The outlook was bleak. Jenny’s veterinarian had spotted a large, rapidly growing tumor in Jenny’s mouth. The vet removed as much of the tumor as possible, but he warned Sam and Sandra Orndorff that it was likely that some cancer cells remained.

Unfortunately, he was right. Before long, the tumor had regrown and threatened to spread to Jenny’s nose and surrounding bones. “We were really shocked,” Sandra says.

The Orndorffs traveled to see specialists in upstate New York, but again the news was disheartening. Surgery was one option, but to be sure that all of the tumor was resected, the surgeon would have to remove part of Jenny’s nose, leaving her disfigured. Radiation was another option, but the specialists said that it would take a course of 16 treatments, and even then there was no guarantee that the cancer wouldn’t return.

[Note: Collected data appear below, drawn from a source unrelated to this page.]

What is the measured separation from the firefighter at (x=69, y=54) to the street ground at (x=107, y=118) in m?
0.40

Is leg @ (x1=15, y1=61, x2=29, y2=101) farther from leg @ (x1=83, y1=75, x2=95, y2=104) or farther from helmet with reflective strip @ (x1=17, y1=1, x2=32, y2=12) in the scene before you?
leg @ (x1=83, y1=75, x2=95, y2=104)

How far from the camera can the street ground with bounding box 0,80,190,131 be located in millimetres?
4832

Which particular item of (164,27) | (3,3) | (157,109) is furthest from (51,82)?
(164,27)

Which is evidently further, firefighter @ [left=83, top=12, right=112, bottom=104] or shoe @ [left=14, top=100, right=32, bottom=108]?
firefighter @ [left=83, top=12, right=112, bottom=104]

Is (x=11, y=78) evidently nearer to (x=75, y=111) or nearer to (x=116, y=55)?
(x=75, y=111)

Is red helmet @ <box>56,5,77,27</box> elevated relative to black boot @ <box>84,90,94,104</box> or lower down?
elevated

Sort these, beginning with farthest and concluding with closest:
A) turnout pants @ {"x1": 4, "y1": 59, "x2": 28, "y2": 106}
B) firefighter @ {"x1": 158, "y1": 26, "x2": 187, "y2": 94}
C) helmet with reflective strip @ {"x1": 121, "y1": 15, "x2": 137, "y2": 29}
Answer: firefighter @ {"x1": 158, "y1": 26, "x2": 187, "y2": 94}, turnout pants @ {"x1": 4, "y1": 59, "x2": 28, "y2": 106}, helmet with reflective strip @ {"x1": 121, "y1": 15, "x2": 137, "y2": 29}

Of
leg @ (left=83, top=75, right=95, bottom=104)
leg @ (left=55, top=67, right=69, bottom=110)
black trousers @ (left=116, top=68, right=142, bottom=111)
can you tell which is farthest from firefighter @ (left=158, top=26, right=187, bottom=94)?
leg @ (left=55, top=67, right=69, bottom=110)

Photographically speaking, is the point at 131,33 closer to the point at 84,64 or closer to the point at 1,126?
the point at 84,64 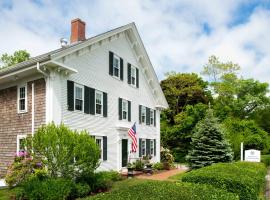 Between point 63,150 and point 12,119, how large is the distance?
556 centimetres

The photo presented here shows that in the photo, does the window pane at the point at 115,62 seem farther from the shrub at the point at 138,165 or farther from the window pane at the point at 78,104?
the shrub at the point at 138,165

Then Jenny’s vet told the Orndorffs about another possibility. As part of the Dartmouth Center of Cancer Nanotechnology Excellence directed by faculty at Thayer School of Engineering, P. Jack Hoopes, a Geisel School of Medicine professor of surgery and of medicine, and colleagues at Geisel and Dartmouth-Hitchcock were starting a clinical trial to test the effectiveness of an experimental treatment using magnetic nanoparticles. The trial would enroll dogs who had developed specific kinds of oral tumors, and Jenny’s cancer fit the description the researchers were looking for.

The Orndorffs could do nothing, accepting that Jenny had already had a long and happy life. They could choose surgery or radiation, which might rid Jenny of cancer at least temporarily but would come with a cost in quality of life. Or they could allow researchers to test an unproven treatment on Jenny, a dog they had doted on since she was just a few weeks old, with no guarantee that it would work.

The decision was easy. Jenny became the first dog enrolled in the trial. “It was just perfect timing,” Sandra says.